Reinventing Technical Painting Techniques

Vietnamese American artist, Christine Nguyen's exhibition at the re-opened 10 Chancery Lane Gallery in Hong Kong, showing through April 7, is a welcome departure from current global tensions.

For those who believe that contemporary art could be divided into artists who create in a subjective bubble and artists who are inspired by current social and political events, Nguyen would belong to the former. Harmonic Cosmic Sea Waves is a nebulous world where traditional techniques are re-invented and salt crystals become catalysts.

Nguyen is a Los Angeles native, born into a Vietnamese family of fishermen. This is her second exhibit in Hong Kong and her first solo show to inaugurate the re-opening of 10 Chancery Lane's gallery in Central. Her work belongs in prominent collections in Los Angeles – UCLA's Hammer Museum and the Getty Research Institute.

This exhibition is centered around the mural which gave the title to the exhibition – Harmonic Cosmic Sea Waves. It was done by "combining drawing and photographic processes," Nguyen says. "'Negatives' are drawn on layers of Mylar, which are projected onto light-sensitive paper. The paper is developed in a color processor, creating a camera-less, photographic image. In addition to watercolor and ink, I use materials such as saltwater, seaweed, coral, minerals and crystals to manipulate the 'negative' and the print. The total process is similar to that of making a photogram."

Nguyen's originality comes in part from these hybrid processes, which she continues to develop. Her newest works – exhibited in the show, entitled Arroyo Secco – are Cyanotypes, a rudimentary photographic process which is the result of sunlight onto light sensitive paper on which objects have been directly placed. Nguyen's objects are collected from the sea, reminding us of her origins. These different techniques and motifs create varied levels.

The cyanotypes are matte whereas all the other works seem to glow. The colors easily veer to neon without back-lighting or other artificial light sources, which pushes the viewer further into a cosmic sphere. This is in part due to the way the artist constructs the work. Nguyen's larger pieces are mounted using uniform panels of the photographic paper, creating a grid effect.

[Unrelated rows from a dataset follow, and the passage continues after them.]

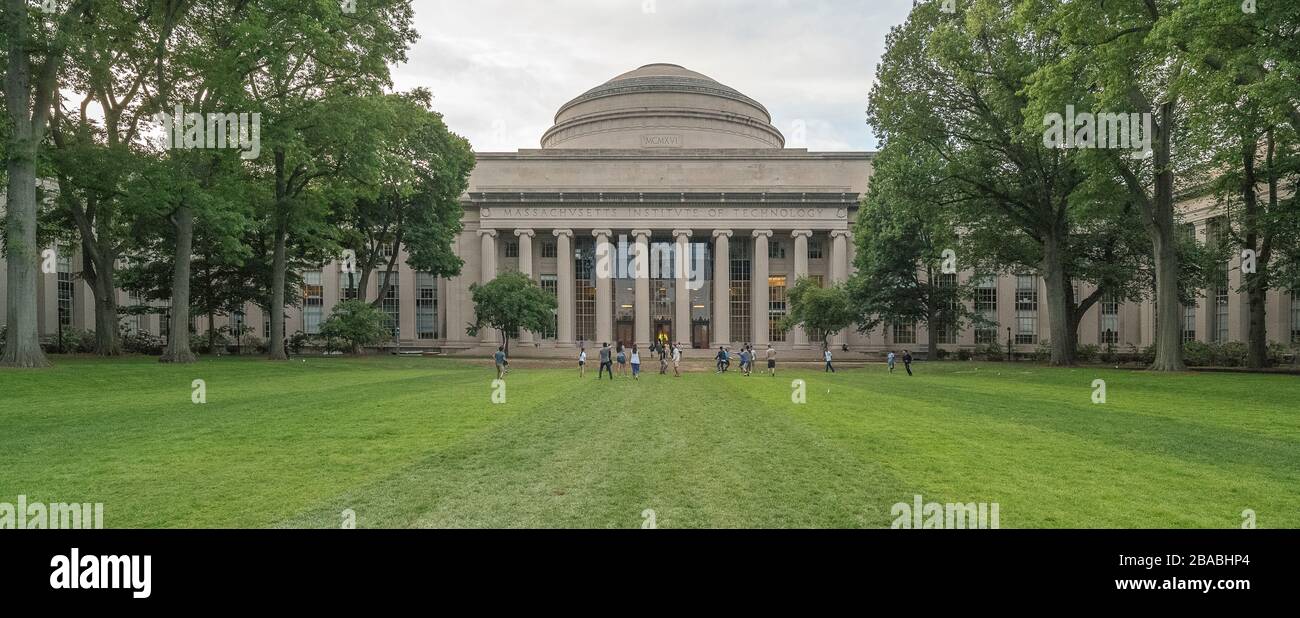 Vista su un grande edificio e parco a Cambridge, Massachusetts, Stati Uniti Foto Stock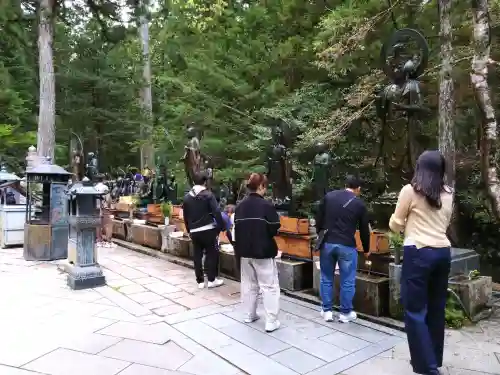 高野山金剛峯寺奥の院の{uncategorized: "未分類", other: "その他", undefined: "問題あり", building: "その他建物", grave: "お墓", sacred_gate: "鳥居", guardian: "狛犬", statue: "像", buddha: "仏像", history: "歴史", nature: "自然", garden: "庭園", animal: "動物", pagoda: "塔", temizu: "手水舎", mountain_gate: "山門・神門", sanctuary: "本殿・本堂", subordinate: "末社・摂社", art: "芸術", scenery: "景色", jizo: "地蔵", ema: "絵馬", goshuin: "御朱印", omikuji: "おみくじ", items: "授与品その他", amulet: "お守り", goshuincho: "御朱印帳", eats: "食事", festival: "お祭り", votive_dance: "神楽", shichigosan: "七五三参", wedding: "結婚式", experience: "体験その他", initially: "初詣", around: "周辺", anti_infection: "感染症対策"}
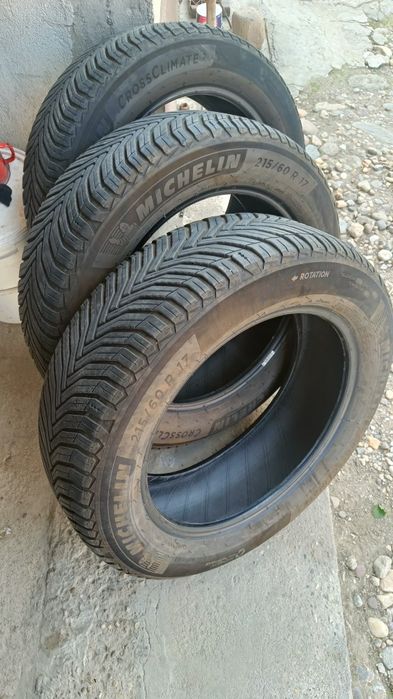Vând 2 anvelope allseasson Michelin Crissclimate 2 215/6017 -Duster2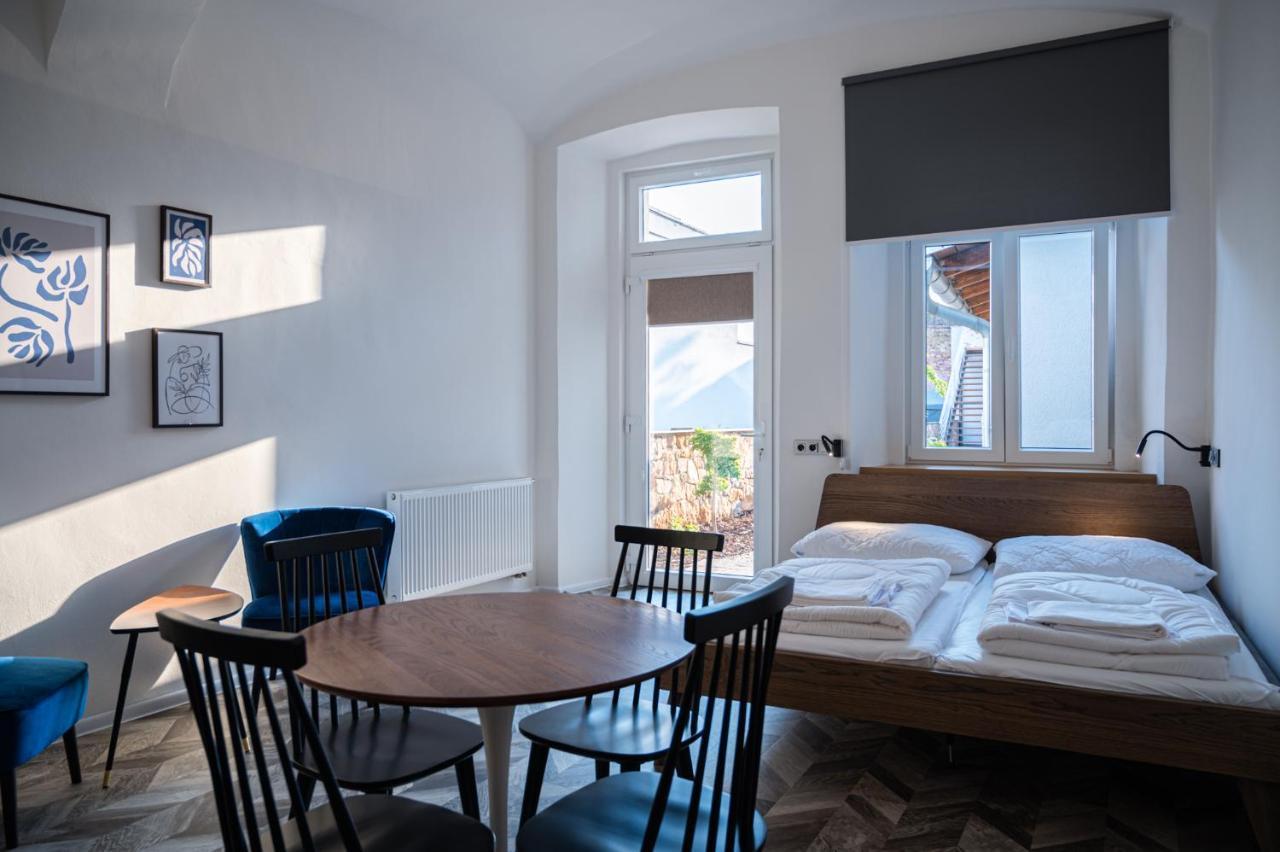 Art Hostel & Apartments Dvůr Králové nad Labem Dış mekan fotoğraf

As Katie de Tilly commented during her introduction of the artist, "each panel has a frame of light around it and this heightens the grid." It also makes our eye stop and go after each panel. For Nguyen, this can encourage the viewer to a spiritual level. Facets from the salt crystals become brilliant stars or Milky Ways that punctuate the pieces.

Although Nguyen has had success with her very large scale mural works, her smaller pieces, like A Good Beginning in Suspension or Caverns are moving have a more coherent composition which the larger pieces lose.

Christine Nguyen presents her primordial world at 10 Chancery Lane until April 9th. Choosing this inventive artist to re-open with in Hong Kong is a testament to hope and a colorful future.